● Exercise material

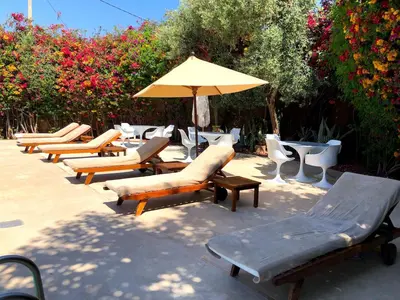 a row of lounge chairs and an umbrella at Palais Souad in Marrakech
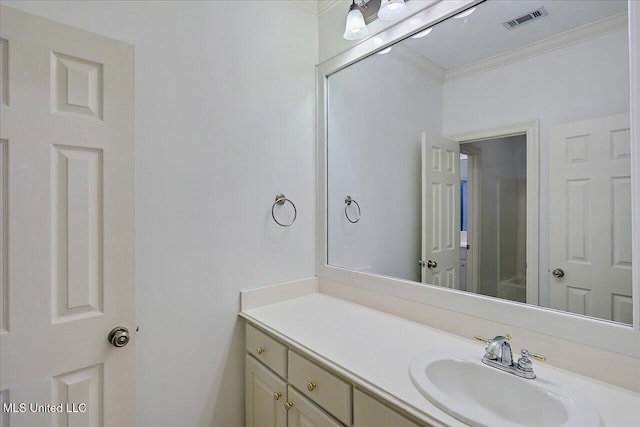 bathroom featuring vanity and ornamental molding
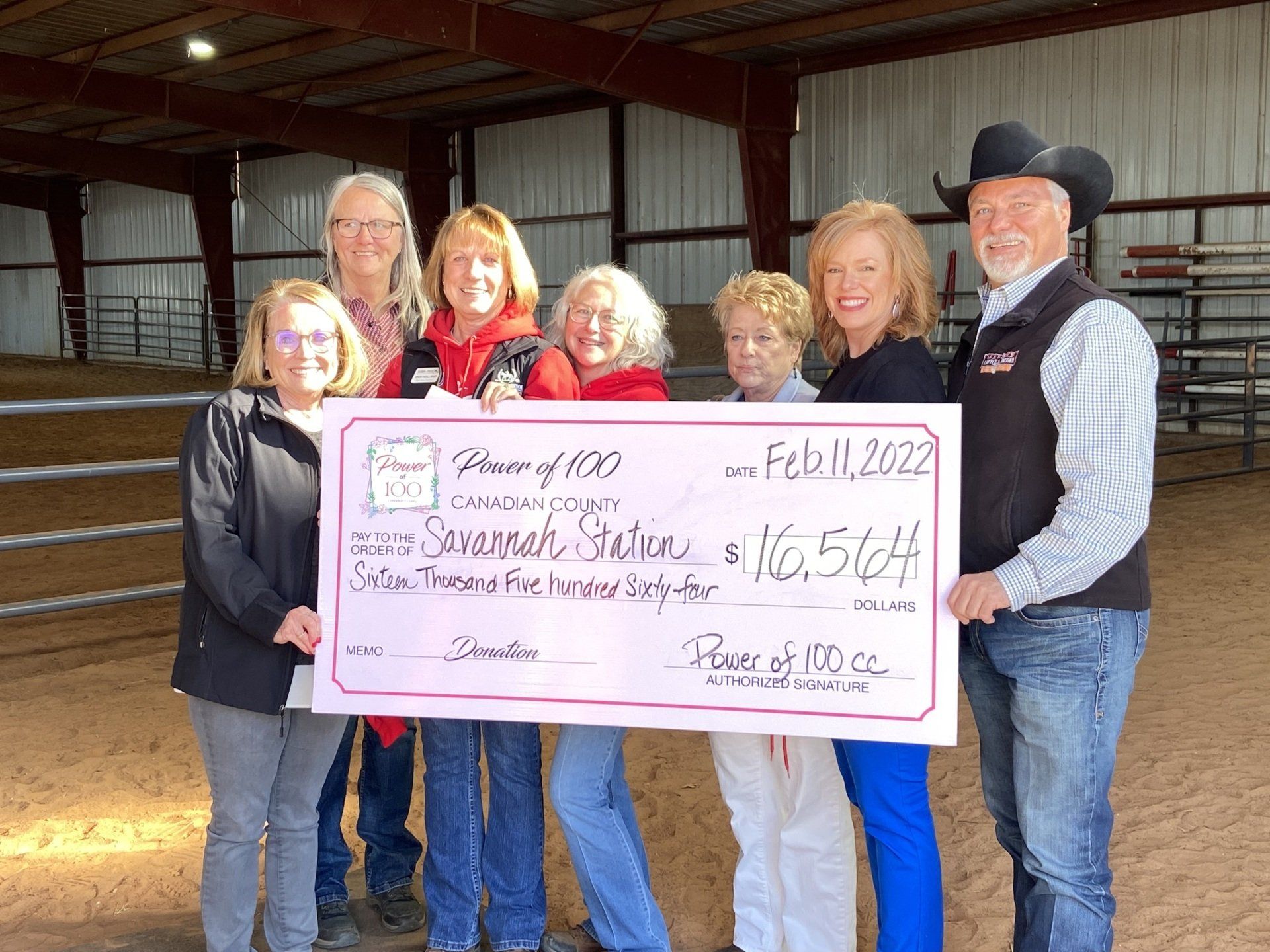 A group of people standing next to each other holding a large check.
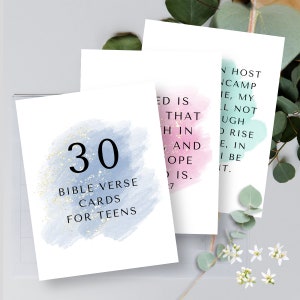 May include: A set of 30 Bible verse cards for teens. The cards feature a watercolor background in shades of blue, pink, and green. The text on the cards is in black and white.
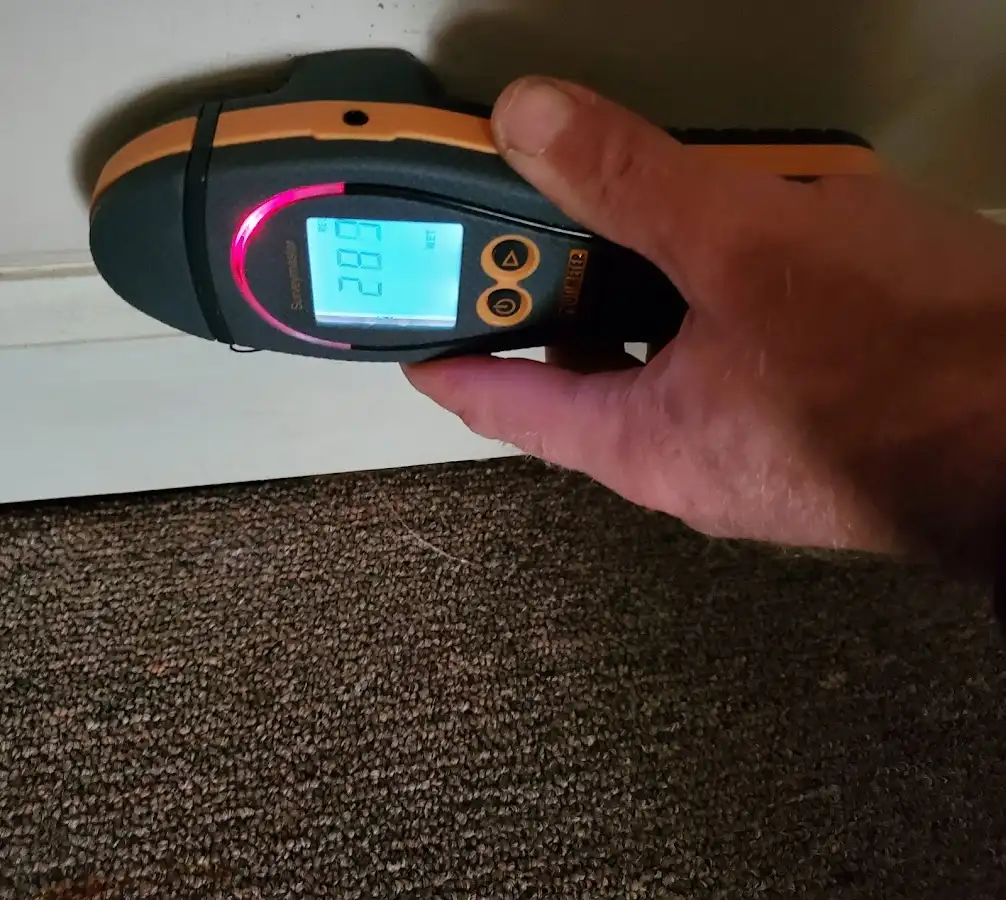 Moisture detection at baseboard during Burst Pipe Cleanup in North Syracuse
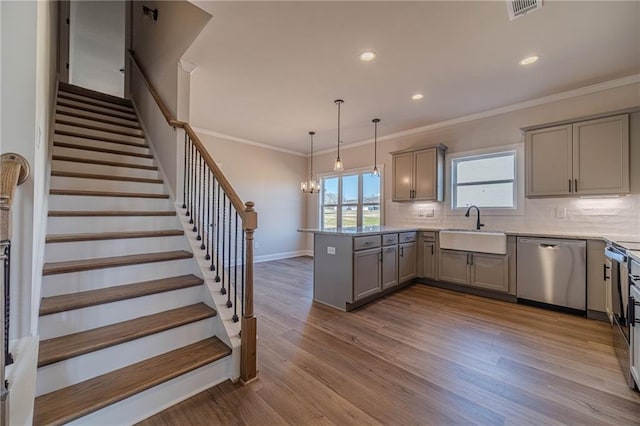 kitchen with backsplash, dishwasher, gray cabinets, a peninsula, and a sink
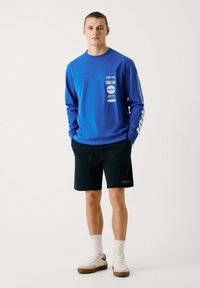 Blå sweatshirt med grafiske prints, parret med sorte shorts. Modellen har hvide sneakers og ankelsokker på. Enkel design, afslappet pasform.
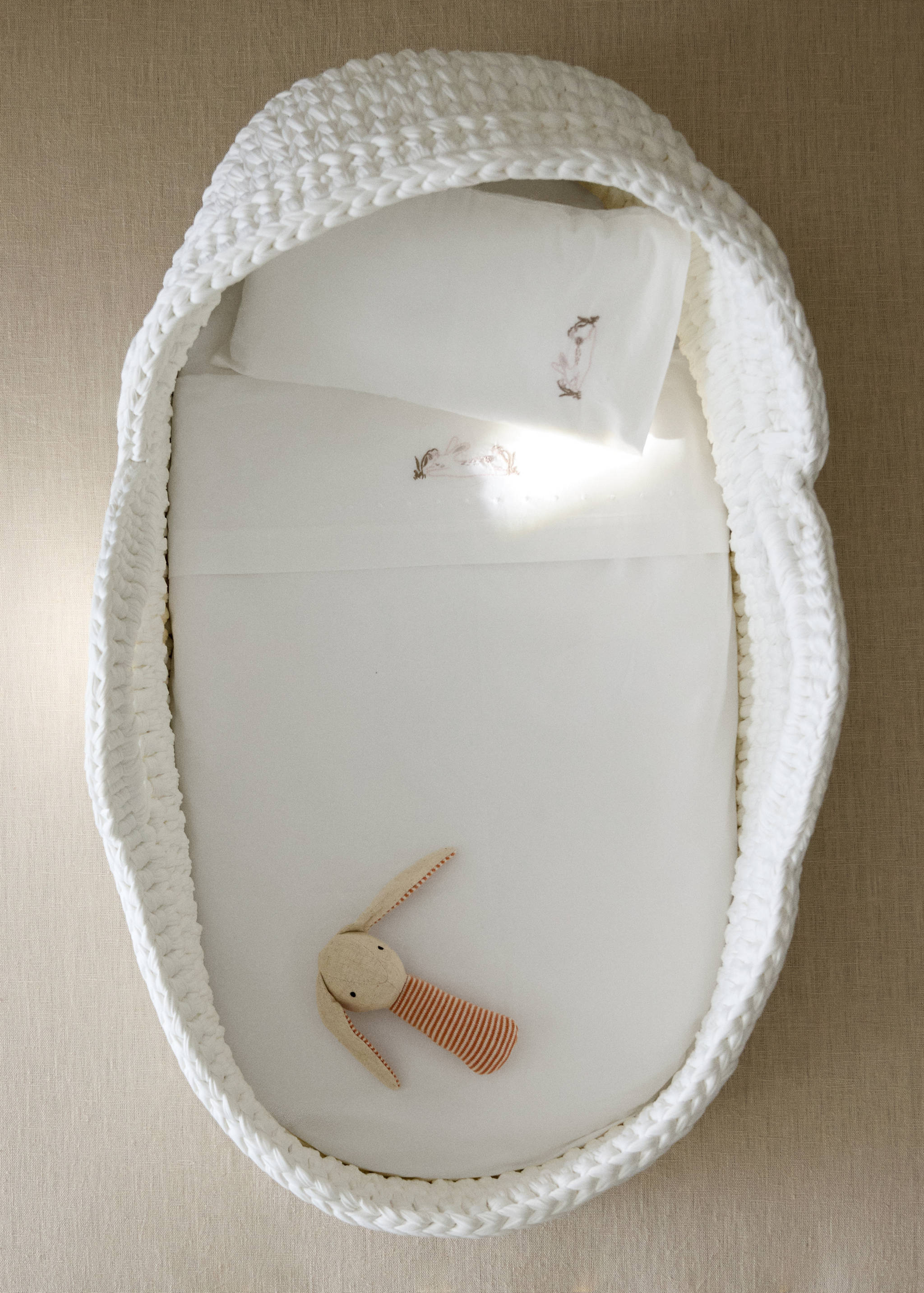 White baby sheet set with embroidered bunny details inside a chunky-knit bassinet.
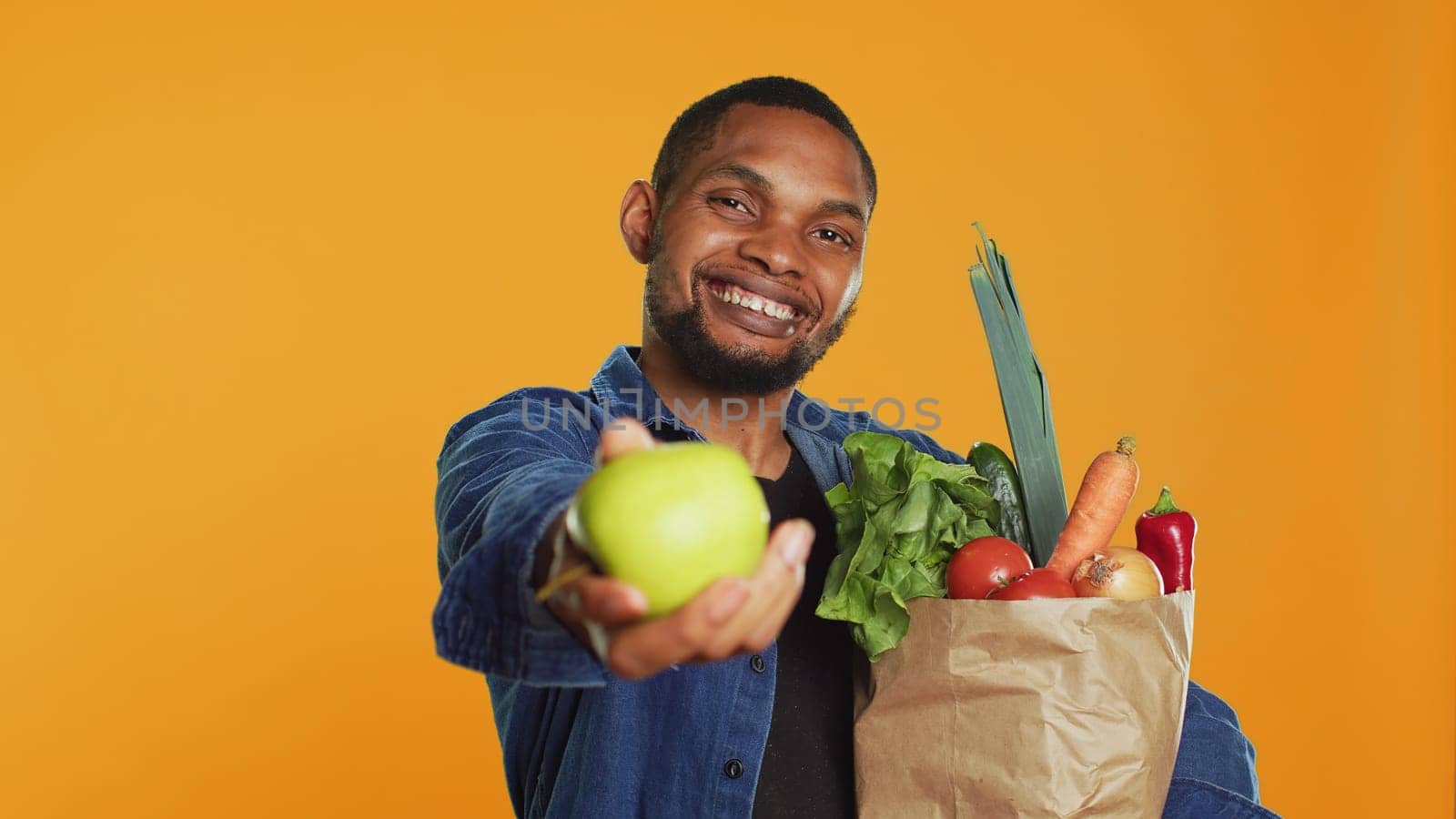 African american man presenting a freshly harvested green apple by DCStudio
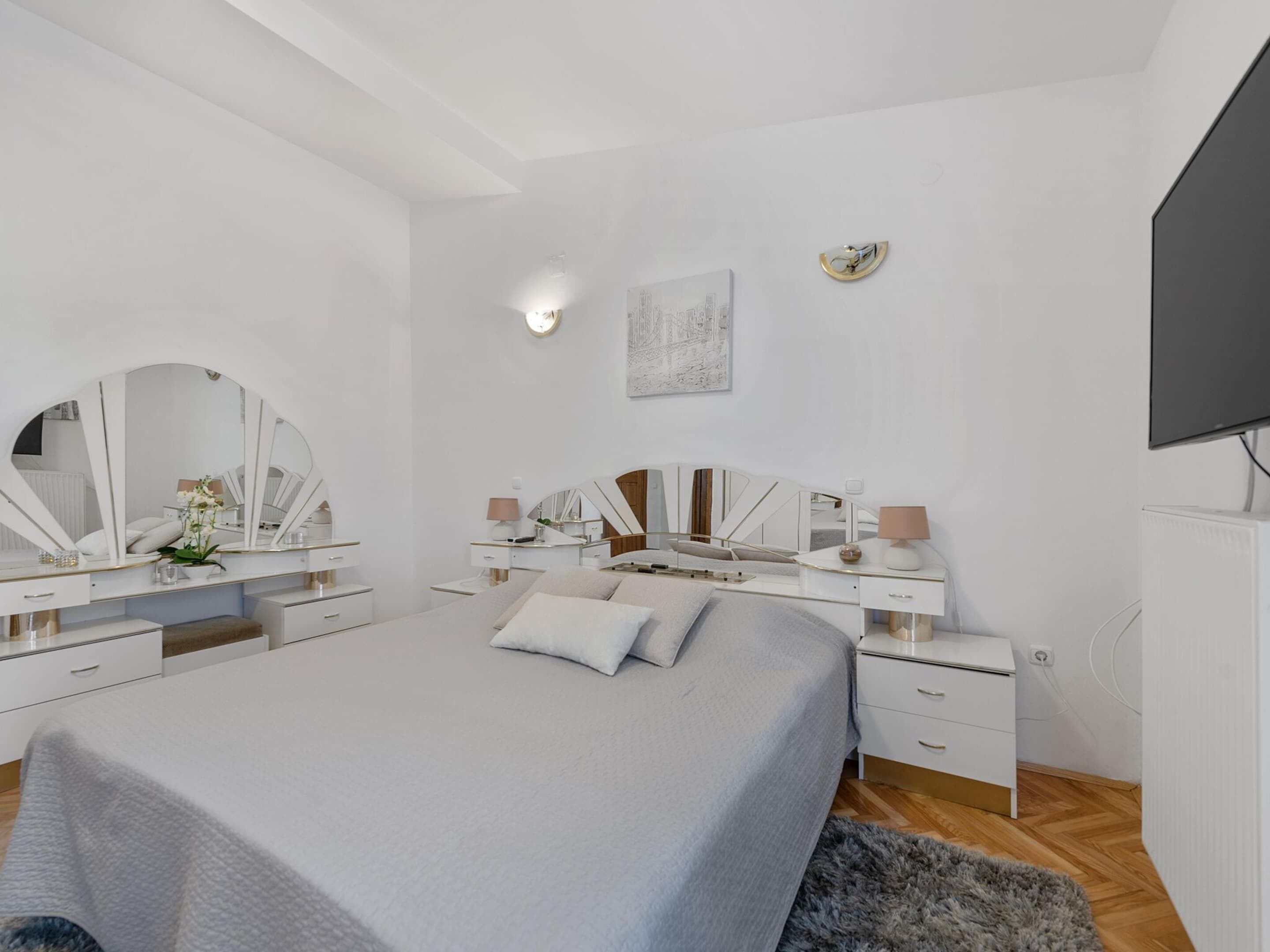 A modern bedroom with a large bed, two bedside tables with mirrors, a flat-screen TV, and a small desk.
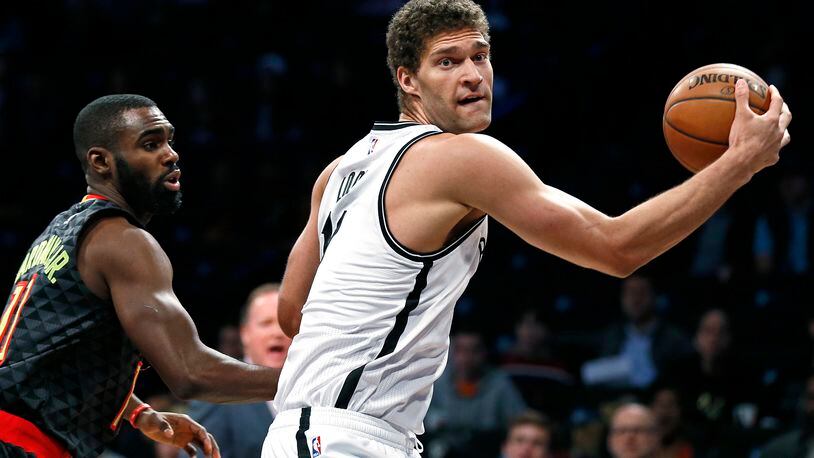 Brooklyn Nets center Brook Lopez drives to the basket past Atlanta Hawks guard Tim Hardaway Jr. during the first half of an NBA basketball game Sunday, April 2, 2017, in New York. The Nets won 91-82. (AP Photo/Adam Hunger)p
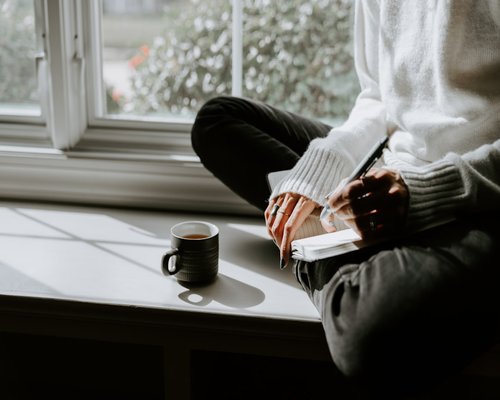 Person relaxing with a cup of chai reading a book near window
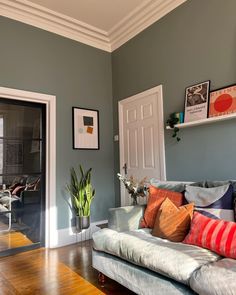 a living room filled with furniture and pictures on the wall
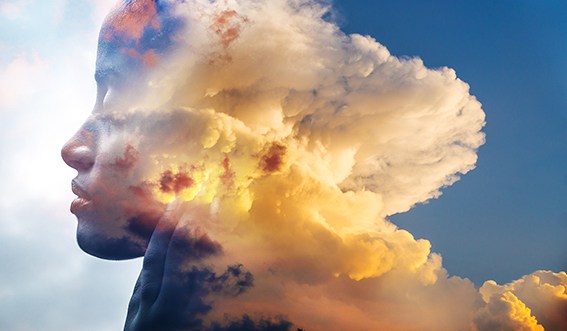 A woman's face superimposed over sky and clouds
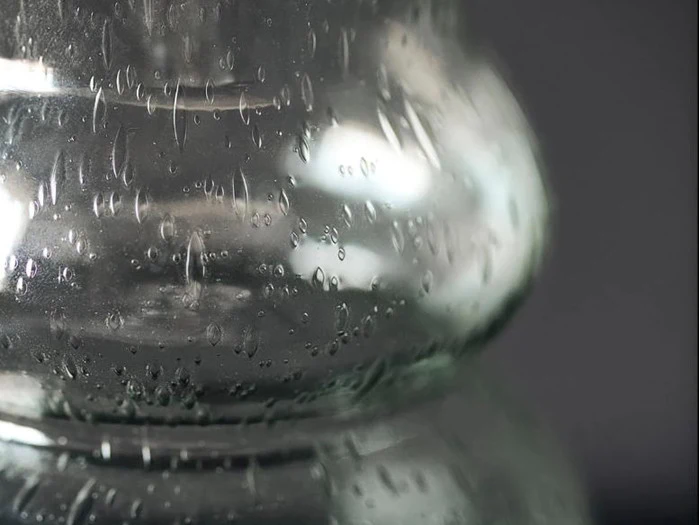 Nærbillede af en klar glasvase med vanddråber og kondens på den buede overflade mod en mørk baggrund.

● Required action
Omit pictures; set down the rest of the material word for word.

● Solution for this problem
 a row of lounge chairs and an umbrella at Palais Souad in Marrakech
 bathroom featuring vanity and ornamental molding
 A group of people standing next to each other holding a large check.
 May include: A set of 30 Bible verse cards for teens. The cards feature a watercolor background in shades of blue, pink, and green. The text on the cards is in black and white.
 Moisture detection at baseboard during Burst Pipe Cleanup in North Syracuse
 kitchen with backsplash, dishwasher, gray cabinets, a peninsula, and a sink
 Blå sweatshirt med grafiske prints, parret med sorte shorts. Modellen har hvide sneakers og ankelsokker på. Enkel design, afslappet pasform.
 White baby sheet set with embroidered bunny details inside a chunky-knit bassinet.
 African american man presenting a freshly harvested green apple by DCStudio
 A modern bedroom with a large bed, two bedside tables with mirrors, a flat-screen TV, and a small desk.
 Brooklyn Nets center Brook Lopez drives to the basket past Atlanta Hawks guard Tim Hardaway Jr. during the first half of an NBA basketball game Sunday, April 2, 2017, in New York. The Nets won 91-82. (AP Photo/Adam Hunger)p
 Person relaxing with a cup of chai reading a book near window
 a living room filled with furniture and pictures on the wall
 A woman's face superimposed over sky and clouds
 Nærbillede af en klar glasvase med vanddråber og kondens på den buede overflade mod en mørk baggrund.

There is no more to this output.